Şairin ileri görüşü, yani görüş mesafesi siyasetçinin görüş mesafesinin çok önündedir. Aynı zamanda şairin dikiz aynası, yani geçmişi yansıtan aynası sık sık silinmeli, kaymışsa düzeltilmelidir. Aksi taktirde görüş zaviyesi, zafiyete dönüşür ve “son tahlilde” (Yavuz Aloğan’ın kulakları çınlasın), örneğin kendini, Foreign Policy kapak yıldızı Meral Akşener ile yan yana ABD bayrağında dalgalanırken bulabilir! Anons: “Dikkat! Dikkat! Ters yön!”
Ben şairim diyorsan
Ben şairim diyorsan, kefen gömlek giysene,
Dikenli gömlek, gülün akça teni yırtması.
Tenindedir definin, günün dört kez batması,
Ben şairim diyorsan, seli tende boğsana.
***
Geldi sözün sırası, yandı cevher çırası,
Yaktın da yanmaz oldu, iki güneş sağsana.

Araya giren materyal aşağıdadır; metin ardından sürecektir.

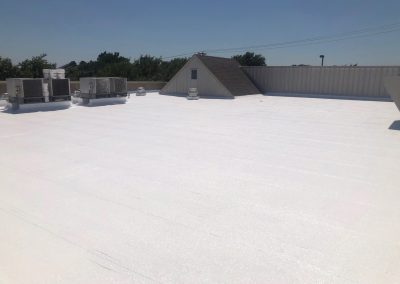 Commercial roof with white roof coating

Yüreğini yedirip sırra yetmek istersen,
Ben şairim diyorsan, Nazımca dayansana.
***
Gün erişti geçiyor, söz gümüşü paslandı,
Sükut postu altında ölüce yatmadasın.
Yunus’tan Karaca’dan azıcık ünün aldıysan,
Ben şairim diyorsan, çığlıkları duysana.
***
Sarıca çiçeğe gök, gönül yolu süsüdür,
Ben şairim diyorsan, dert onun büyüsüdür.
Dillerin tutulmasın dut yemiş bülbül gibi,
Uçurumu geçerken gönül gözün açsana.
***
Hecede, bilmecede kül bırakmayan koca,
Kalıcıyım diyorsan bu aymazlık nicedir?
Kaldırdılar yarini sen dağa bakıcısın,
Kıydın yurda kıyımca, bu nasıl şaircedir?
***
Yağsa dolu taneler baktığın dağ eğrilir,
Her biri bir gülledir basar ağırlığınca,
Gökten inen tanenin tozunda tonla kudret,
Ben şairim diyorsan, yükün göğe assana.
***
Sayrı mısın sağca mı, kapın dokuz kilitli,
Pencere kırığında dolunay kesilmesi.
Ben şairim diyorsan boşalıp da dolsana,
Avucunun içinden bir halkın su içmesi.
***
Anadolu kayası gönüller kaynaması,
Şirin ile Zin’imden bir habercik sorsana.
Kucaklaşan yiğidin kutludur türkücesi,
Birliktir gerekçesi, bire direk olsana.
***
On sekiz bin alemi sağdan sola çeviren,
İsyan sokağa iner, kişi celladını yer,
Çürümüş katlar çöker, yuvarlanır küreler.
Ben şairim diyorsan, fırtına üflesene!